An important consideration is which markers are used to generate clusters or to run tSNE etc. Importantly, not include some markers in the tSNE analysis does not remove them from the dataset, but rather simply does not use the information from that marker to inform the generation of a tSNE plot.

For example, if we run tSNE on mouse bone marrow data using only B220 (B cells), Ly6G (neutrophils), and Ly6C (monocytes), then this will results in 3 rough islands – one for neutrophils (A), one for B cells (B), and another for monocytes (C). When we look at the other markers, such as CD117 (stem cells), NK1.1 (NK cells), and CD3e (T cells), these are distributed throughout the map, as the tSNE algorithm is not able to see them using the information (Ly6G, B220, and Ly6C) provided to it.

On the other hand, if we run tSNE on mouse bone marrow data using all markers then we can see a far more granular distribution of islands, representing all the major populations in the bone marrow.

However, a minimal use of markers can still be used strategically. If we run tSNE using only SSC, CD117, CD45, CD48, Ly6C, CD11b, you can see that neutrophils and B cells have roughly been arranged into islands, despite the lack of use of markers that are specific for these populations (Ly6G and B220). This is because combinations of other markers (SSC, CD117, CD48, Ly6C, CD11b etc) have specific patterns on these cell types.

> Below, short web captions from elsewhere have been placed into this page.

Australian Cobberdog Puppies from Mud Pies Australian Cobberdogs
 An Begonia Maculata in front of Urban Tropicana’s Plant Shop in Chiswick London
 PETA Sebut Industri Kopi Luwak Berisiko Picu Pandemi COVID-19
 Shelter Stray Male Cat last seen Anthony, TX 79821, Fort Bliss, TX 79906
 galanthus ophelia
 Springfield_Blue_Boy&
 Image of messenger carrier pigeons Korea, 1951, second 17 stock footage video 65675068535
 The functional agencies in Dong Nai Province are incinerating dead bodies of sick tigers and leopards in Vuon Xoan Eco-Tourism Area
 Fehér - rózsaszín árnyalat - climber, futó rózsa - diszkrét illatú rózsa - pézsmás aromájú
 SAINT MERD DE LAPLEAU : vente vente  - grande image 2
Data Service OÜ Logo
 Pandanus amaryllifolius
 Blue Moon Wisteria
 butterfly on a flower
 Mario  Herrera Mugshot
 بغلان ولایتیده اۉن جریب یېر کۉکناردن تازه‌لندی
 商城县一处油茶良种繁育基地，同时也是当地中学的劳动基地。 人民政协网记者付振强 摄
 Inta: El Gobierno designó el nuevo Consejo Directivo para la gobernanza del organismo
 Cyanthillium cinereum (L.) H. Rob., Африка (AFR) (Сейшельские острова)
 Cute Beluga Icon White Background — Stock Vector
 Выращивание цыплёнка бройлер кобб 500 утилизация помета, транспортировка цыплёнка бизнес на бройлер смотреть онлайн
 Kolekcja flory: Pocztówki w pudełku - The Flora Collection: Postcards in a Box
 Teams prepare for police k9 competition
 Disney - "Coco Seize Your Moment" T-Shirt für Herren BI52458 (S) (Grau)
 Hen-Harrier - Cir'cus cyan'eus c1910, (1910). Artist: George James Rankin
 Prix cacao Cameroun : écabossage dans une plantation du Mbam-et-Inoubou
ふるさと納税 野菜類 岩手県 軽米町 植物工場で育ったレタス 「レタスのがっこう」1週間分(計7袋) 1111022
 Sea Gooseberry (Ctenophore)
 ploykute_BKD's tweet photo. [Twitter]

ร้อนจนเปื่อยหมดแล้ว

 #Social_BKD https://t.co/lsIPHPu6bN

Using cell 'identity' and 'state' markers

Broadly, we can group cellular markers into two categories: markers for cell types, and markers for cell states. Cell identity markers (also called phenotypers) are markers that are stably expressed on specific cell types, which helps us to identify them (e.g. CD3 on T cells, CD19 on B cells etc). Cell state markers indicate some sort of change to the status of a cell, but not specifically it's identity (e.g. CD69 is upregulated on multiple lymphocyte types following 'activation'). An extension of the state markers are things like the presence of viral proteins which indicate the status of 'infected'. Sometimes markers might belong to both categories (e.g. SCA-1 is expressed on mouse stem cells, but is also inducible on multiple cell types following interferon signalling).

For example, in the example below we ran tSNE analysis on mouse bone marrow, containing cells from both mock- and WNV-infected samples. Importantly we did not include SCA-1 in the markers used to inform tSNE, and so cells that have upregulated SCA-1 following WNV-infection do not change position on the plot.

However, if we include SCA-1 in the markers used to inform tSNE, then cells that upregulate SCA-1 following WNV-infection appear in a new location on the plot.

Sometimes, even if you don't use specific markers to run tSNE, the expression of other markers might correlate highly with those cells, resulting in the cells appearing in a new location on the plot. In the example below, gE:gI is a viral protein that is detected in infected cells. This was not used to run tSNE, but the cells that are infected substantially downregulate CD16 (which is used to run tSNE), resulting in the CD16(low) gE:gI(hi) cells occupying a distinct position on the plot.